Short web captions:
------------------------------

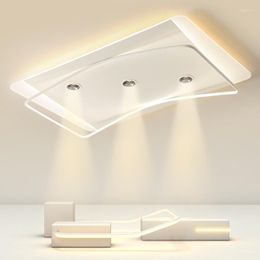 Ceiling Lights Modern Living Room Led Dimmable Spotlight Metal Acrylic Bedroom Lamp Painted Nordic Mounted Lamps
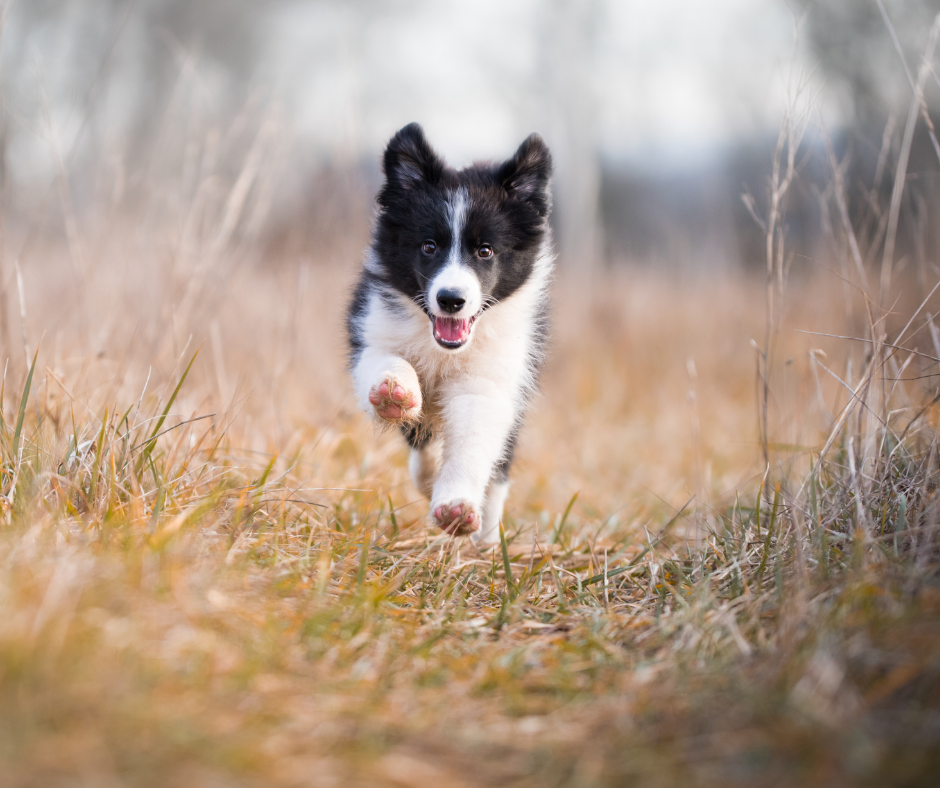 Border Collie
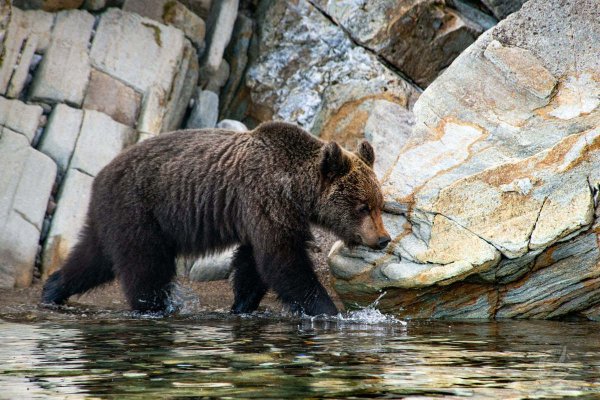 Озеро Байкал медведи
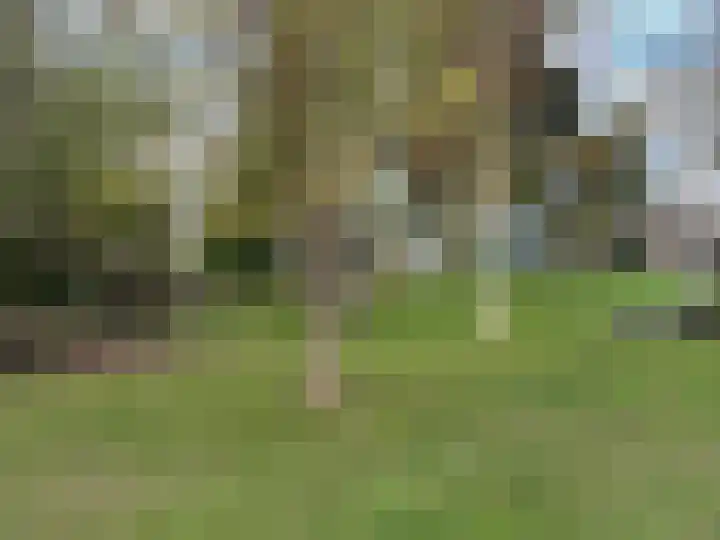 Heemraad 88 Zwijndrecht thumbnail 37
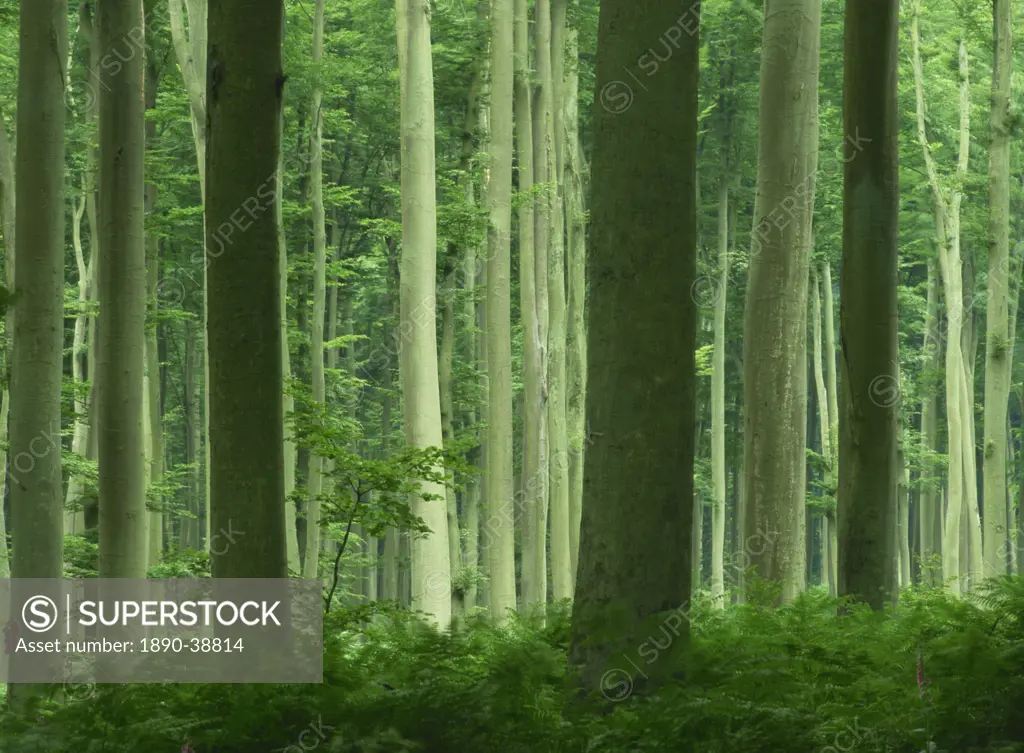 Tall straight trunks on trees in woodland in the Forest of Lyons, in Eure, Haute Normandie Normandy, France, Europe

------------------------------

Problem to solve: Apart from the pictures, all of the data must be duplicated exactly as shown above.

Final answer:
 Ceiling Lights Modern Living Room Led Dimmable Spotlight Metal Acrylic Bedroom Lamp Painted Nordic Mounted Lamps
 Border Collie
 Озеро Байкал медведи
 Heemraad 88 Zwijndrecht thumbnail 37
 Tall straight trunks on trees in woodland in the Forest of Lyons, in Eure, Haute Normandie Normandy, France, Europe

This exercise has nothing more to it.